Automated Dependency updates to be sent to the devs after some time

Last year, i began some work on a module that would basically be responsible with reporting any available releases in our maven dependencies used in core and supported modules, I stopped at the interfacing level of the module after getting an idea on one of the developer forums of instead writing a script to handle this, This was simpler and required less efforts so i looked forward to when i would have some time to write one. Am pleased that today, i have began figuring out how i will get the script up and running pretty as expected and would be pleased to have your thoughts on some of these thoughts.

One issue that am figuring out yet is, how would you people love to get the updates to the developer’s community, before i thought of using email, unfortunately; we are moving away from group mails which would then be a better way to perform the automation to write to us, the script would run on our demo servers to keep us up-to date with updates every after some time. but which else besides email?

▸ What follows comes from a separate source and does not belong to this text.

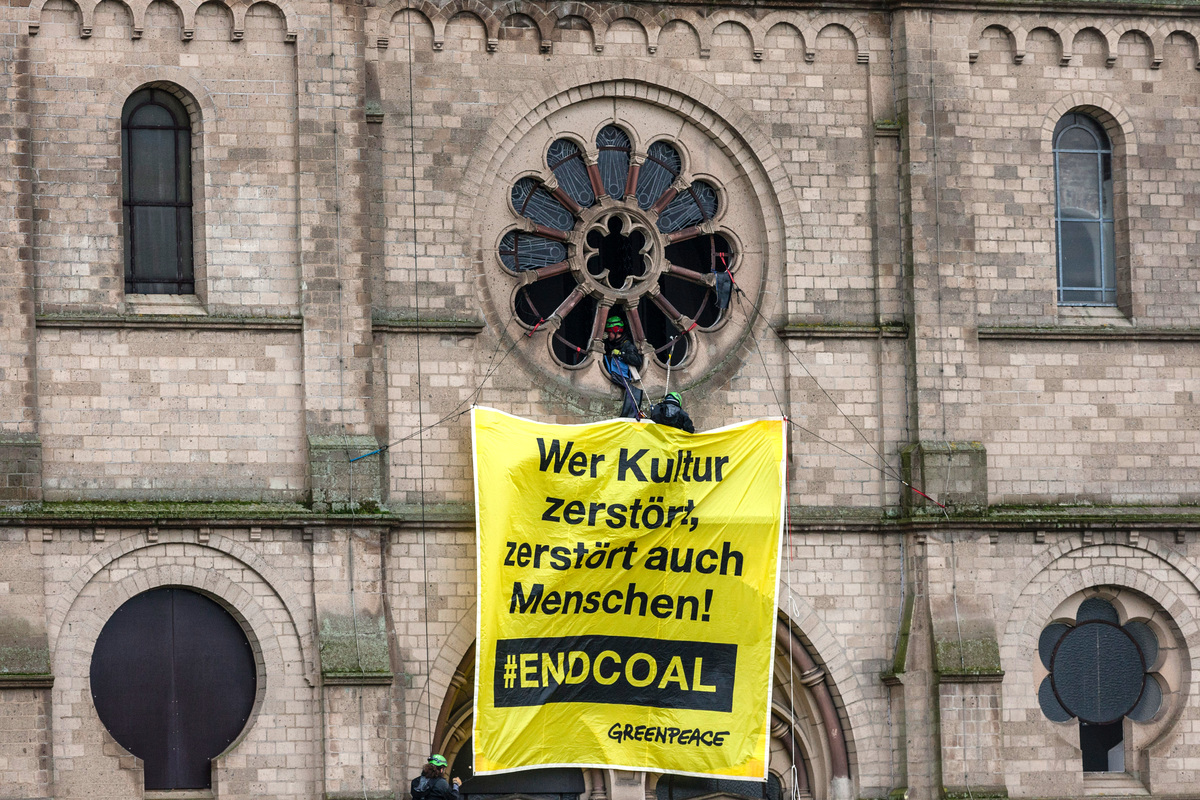 Azione Greenpeace in Germania per salvare un chiesa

Your thoughts would be better in establishing how you expect this to work out, probably writing to Michael who would publish it but this would still require a middle man which i wanted to avoid. Am not sure if it would be possible but probably like set-up an email account that forwards and creates a post inside the developer’s category! :smile:

Who, specifically? Module owners/maintainers as listed in the modules directory? People working on code in GitHub repositories named openmrs-modules-*? A wider group?

Knowing the audience will help to determine the best method to contact that audience.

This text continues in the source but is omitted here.